How reading fast helps me stay on top of things
What if you could read twice the books in half the time? Would you practise a new skill?
Speed reading is controversial and complicated. But being able to read fast is undoubtedly a useful skill to have, just in case.
I had read a speed reading book when I was in school. That was the last time I intentionally thought about the subject, till yesterday when I was asked to document how I read.
There are a few things from “speed reading” that has helped me to read fast. And then there are a few things that I’ve discovered on my own. I will write about both of them in this post.
Speed reading “official” techniques
These I found in book:
Avoid subvocalization. This was the most important insight. When we read out aloud, we are slowed down by our muscles. When we read “in our mind”, some people tend to mimic the same thing they do when they’re reading aloud. They focus on each syllable and pronounce them fully (in their mind). This is very slow. Instead, we should just look at the word and then move on. This is tricky in the beginning, but our brain adapts very quickly. Once you stop subvocalization, you’ll at least double your reading speed without losing any comprehension.
Don’t bother reading every word. Your eyes can move very fast and your brain can process things even faster. (Think about how a batter faces a spin bowler). Just move from one part of the sentence to another part very quickly. Your brain will adapt to quickly reading the words in between.
Don’t bother reading every sentence. Same as above, but applied to paragraphs. This helps with loose prose where sentences are stuffed into paragraphs with not much new content within each sentence. Sometimes you can just read the beginning and end of a paragraph and make as much sense of it as you would if you read all the sentences.
Auto-scroll. Use a pen or finger to keep your position (so that when your eyes jump they don’t lose context) and also to make you move forward faster. The speed of your finger will determine the speed of your reading. With computers you can do auto-scroll.
Not all sentences/paragraphs/writings are created equally.

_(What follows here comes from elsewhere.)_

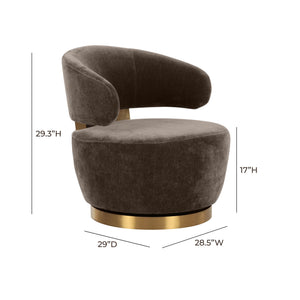 Austin - Recycled Fabric Swivel Chair - R&R Furniture Gallery (Fountain Valley, CA)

When reading something there are plenty of sections you can ignore because they’re irrelevant or things that you already know. When you start a paragraph and you know that you agree with the paragraph’s content from the first sentence, you can probably skip the paragraph.
- Think while reading. The above becomes true when we’re actively interacting with the material that we’re reading. Our mind should have a rough idea of what the author might be saying from the title itself. Then, every paragraph becomes one of:
- an idea you already know - which you can skip
- an idea you hadn’t thought about but you understand - which you can quickly read to confirm your understanding
- an idea you disagree with - which you will have to slowly read so that you understand
- not an idea, just fluff - which you can skip
Focus on the new. When I’m reading something, I’m always categorizing stuff and looking for the new ideas (the ones I hadn’t thought about and the ones I disagree with). I slow down and make sure that I assimilate these ideas into my worldview. For the ones I disagree with I might even have to stop reading and come up with a reason why the author might have written it down that way (so that I can still accommodate in my worldview about other people’s worldview).
- Read with purpose. If we read something without a question in our mind, we’re going to be slow and we’re going to be bored. I pick up books only when a review leaves me sufficiently critiqued. I pick up articles only if it sounds like there’s something in it that I do not know. I quickly scan through to find this and finish reading.
In essence, speed reading is about intentional reading. It is about focusing on reading as a way to assimilate information, rather than reading for the sake of reading. And it is about cutting the cruft from our reading behaviour. There’s no controversy or cheating in that.
Footnote: I started writing this blog post using ChatGPT. But then I started feeling nauseated by how different it was from me. So I deleted everything and wrote this myself.